Drew Rutherford

Personal information
- Date of birth: 4 October 1953
- Place of birth: Edinburgh, Scotland
- Date of death: 14 December 2005 (aged 52)
- Place of death: Scotland
- Position(s): Defender

Senior career*
- Years: Team / Apps / (Gls)
- 1973–1977: East Fife / 86 / (15)
- 1977–1985: St Johnstone / 300 / (18)
- 1985–1987: Cowdenbeath / 34 / (0)

= Drew Rutherford =

Scottish footballer

Drew Rutherford (4 October 1953 – 14 December 2005) was a professional footballer who played most of his career for St Johnstone F.C.
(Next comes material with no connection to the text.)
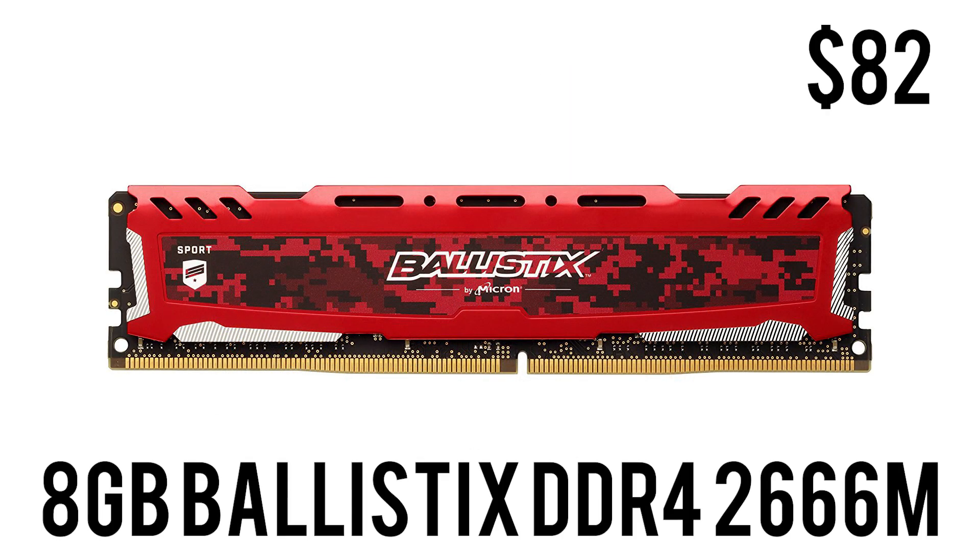For RAM we have 8 GB of Crucial Ballistix Sport LT at 2666 MHz. AMD processors like more and faster RAM, but for $82 I think 8 GB should be more than enough in 2018 for gaming and modern day-to-day tasks. If you ever feel the need in the future you can add 16 or 32 GB — our motherboard has 4 slots so you can add RAM to your heart's content. For $82 this RAM will do its job.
Although Edinburgh-born, Rutherford lived most of his life in Fife and started his professional career at East Fife. After four years with the Methil club, he signed for St Johnstone which was where he remained for most of his playing days.

Playing in the centre of defence for St Johnstone over a span of nine seasons, he set a record for most appearances. This record stood until 2009, when it was surpassed by goalkeeper Alan Main. Rutherford was also club captain and a popular player with the club's supporters. His time at Perth began in February 1977 and he made a total of 342 appearances (plus five as a substitute) before leaving the club in May 1985. Despite being a defender, he managed 18 goals for St Johnstone.

After leaving St Johnstone he had a short spell with another Fife club, Cowdenbeath, before retiring from the game.

Rutherford was held in such high regard by St Johnstone fans that, despite twenty years having passed since his time at the club, a benefit night was organised to raise funds after hearing of his illness. Although Rutherford himself was too ill to attend, his family was represented along with many of his former teammates.

Rutherford died in 2005 from cancer.